◆ WORK ORDER
Write out exactly the lines from the one containing "Charcoal & Liquorice" through the last line of the records below, both included, and leave out any pictures.

*** DATA RECORDS ***

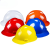 嘉博森高强度安全帽工地男国标加厚头盔施工建筑工程电力领导定制LOGO V型加厚款 桔色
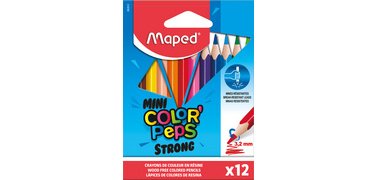 Crayon de couleur COLOR'PEPS STRONG MINI, étui de 12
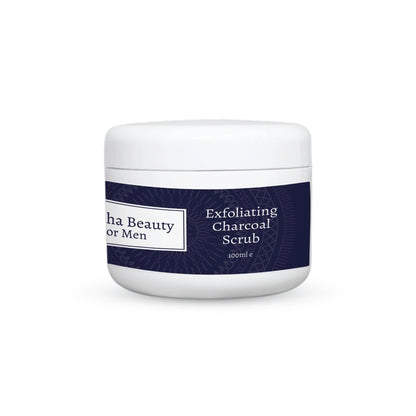 Charcoal & Liquorice Men's Facial Polish #skincare#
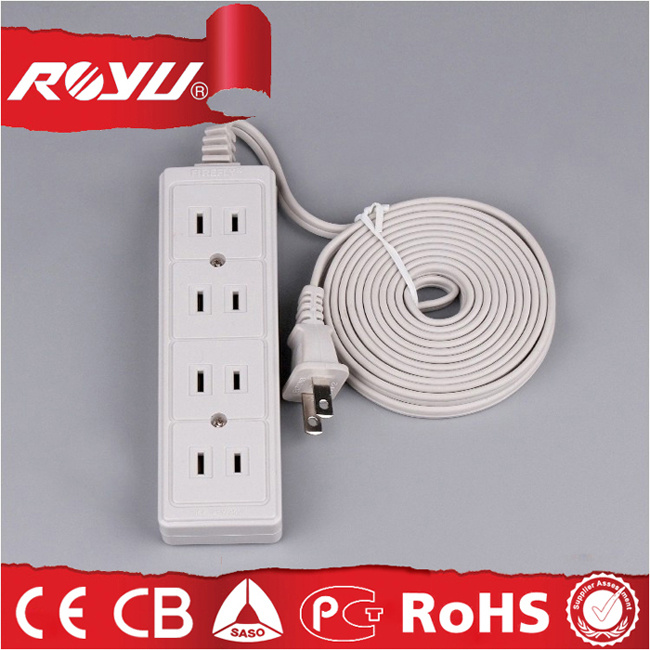 Four Gang Flat Pin Socket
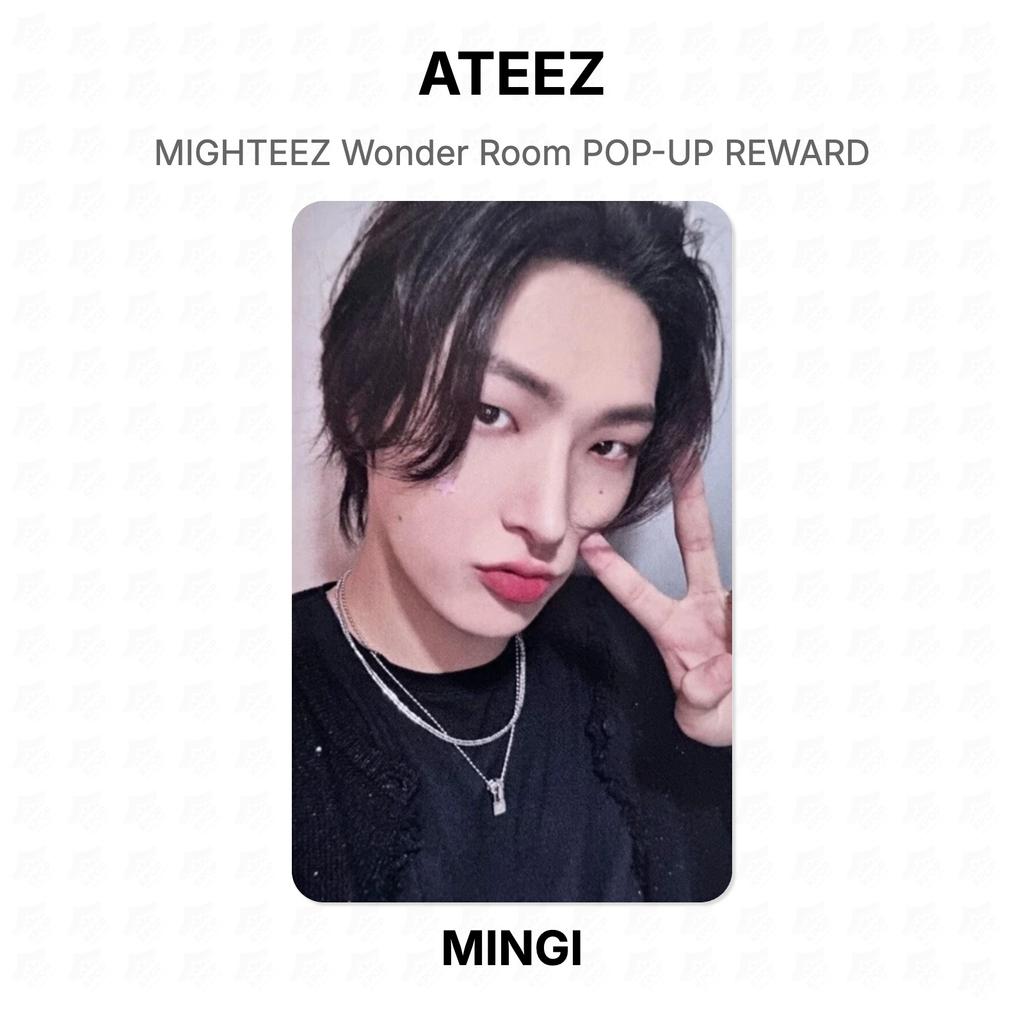 ATEEZ MIGHTEEZ Wonder Room POP-UP REWARD Official Photocard
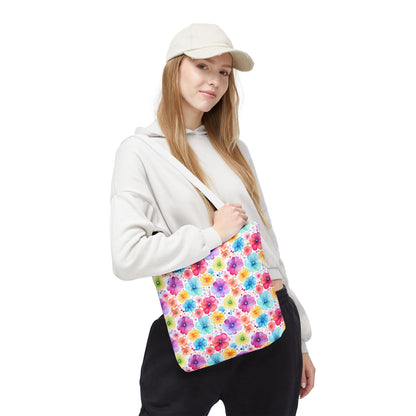 Vibrant Floral Tote Bag, Perfect Gift for Mother's Day, Bright Summer Accessory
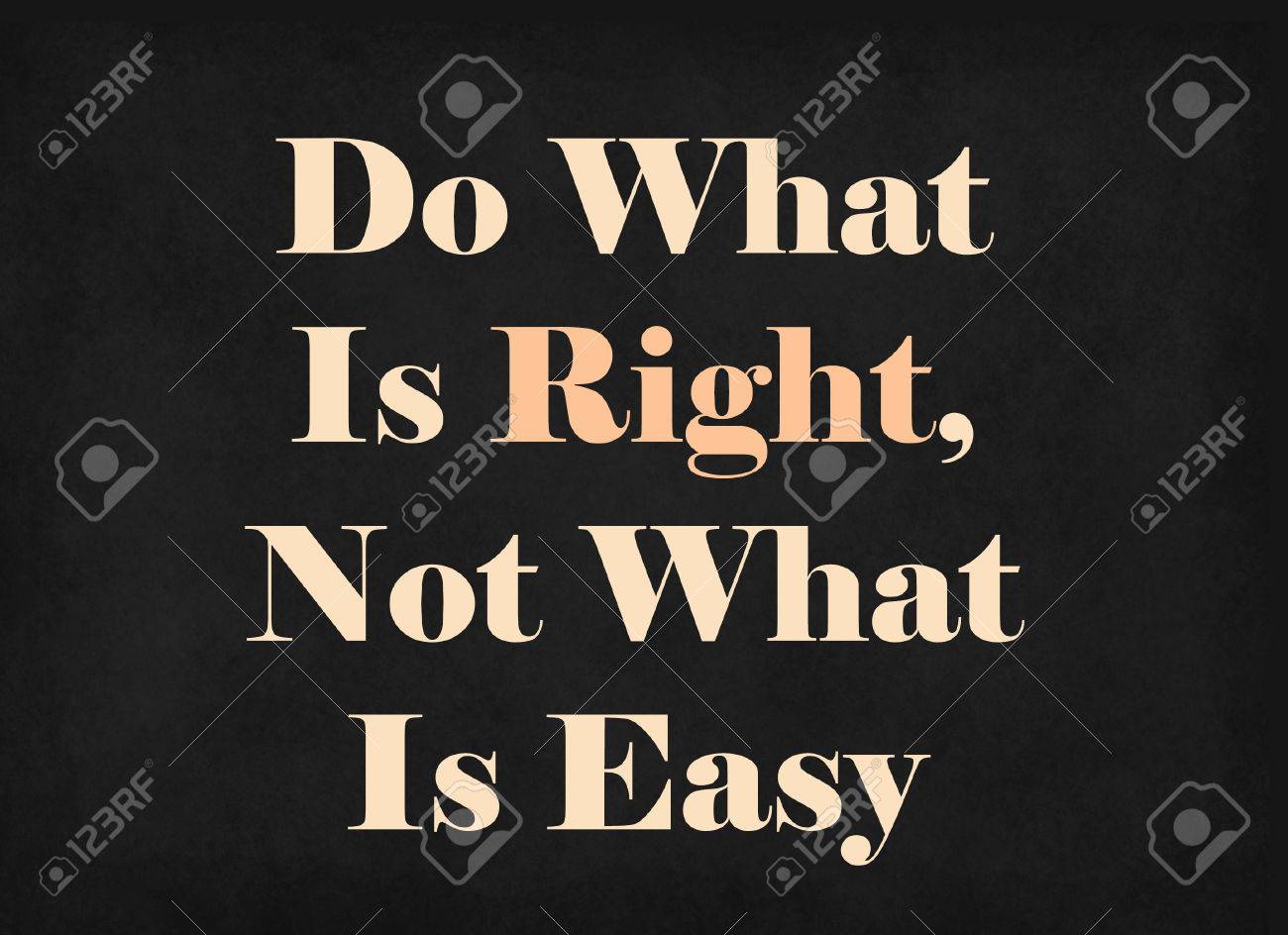 What is right What is right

***

◆ YOUR SOLUTION
 Charcoal & Liquorice Men's Facial Polish #skincare#
 Four Gang Flat Pin Socket
 ATEEZ MIGHTEEZ Wonder Room POP-UP REWARD Official Photocard
 Vibrant Floral Tote Bag, Perfect Gift for Mother's Day, Bright Summer Accessory
 What is right What is right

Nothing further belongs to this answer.